Task to complete: Set down the line that contains "Vlore Hotel | Maxi Room" and every line after it to the end of the entries, exactly as they stand and nothing more.

-- Input data follows --

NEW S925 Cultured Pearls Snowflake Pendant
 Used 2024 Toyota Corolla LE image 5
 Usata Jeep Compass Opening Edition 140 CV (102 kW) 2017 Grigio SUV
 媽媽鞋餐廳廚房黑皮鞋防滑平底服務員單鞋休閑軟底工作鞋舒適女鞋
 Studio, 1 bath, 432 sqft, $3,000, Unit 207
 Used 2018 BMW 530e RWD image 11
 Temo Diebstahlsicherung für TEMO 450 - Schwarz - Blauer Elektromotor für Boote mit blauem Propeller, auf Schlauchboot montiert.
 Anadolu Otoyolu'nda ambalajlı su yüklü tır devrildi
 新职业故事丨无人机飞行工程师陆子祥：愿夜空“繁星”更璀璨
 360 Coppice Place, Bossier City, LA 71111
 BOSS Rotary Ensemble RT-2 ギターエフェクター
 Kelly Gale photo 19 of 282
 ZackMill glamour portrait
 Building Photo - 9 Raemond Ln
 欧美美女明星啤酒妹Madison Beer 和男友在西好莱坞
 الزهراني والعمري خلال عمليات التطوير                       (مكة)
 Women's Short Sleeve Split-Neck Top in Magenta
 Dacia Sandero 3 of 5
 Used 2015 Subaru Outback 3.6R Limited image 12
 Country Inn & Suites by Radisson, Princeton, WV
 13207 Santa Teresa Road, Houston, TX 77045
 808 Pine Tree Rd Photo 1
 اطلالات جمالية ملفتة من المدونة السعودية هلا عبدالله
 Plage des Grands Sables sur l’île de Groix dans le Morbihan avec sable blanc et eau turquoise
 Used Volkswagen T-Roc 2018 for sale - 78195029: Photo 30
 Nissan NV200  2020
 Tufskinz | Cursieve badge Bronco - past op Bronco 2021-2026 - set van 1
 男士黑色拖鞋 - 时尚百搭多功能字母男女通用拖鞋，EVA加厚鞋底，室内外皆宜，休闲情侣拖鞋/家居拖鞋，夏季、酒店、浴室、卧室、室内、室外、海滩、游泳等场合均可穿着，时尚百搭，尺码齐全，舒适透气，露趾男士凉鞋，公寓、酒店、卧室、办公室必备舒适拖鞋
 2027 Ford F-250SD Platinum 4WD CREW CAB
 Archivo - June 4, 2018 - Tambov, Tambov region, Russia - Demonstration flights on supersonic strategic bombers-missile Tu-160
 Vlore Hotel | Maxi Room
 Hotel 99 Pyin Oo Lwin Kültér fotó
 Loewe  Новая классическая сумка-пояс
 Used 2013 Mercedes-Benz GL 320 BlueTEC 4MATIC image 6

-- Input data concluded --

Output for this task:
 Vlore Hotel | Maxi Room
 Hotel 99 Pyin Oo Lwin Kültér fotó
 Loewe  Новая классическая сумка-пояс
 Used 2013 Mercedes-Benz GL 320 BlueTEC 4MATIC image 6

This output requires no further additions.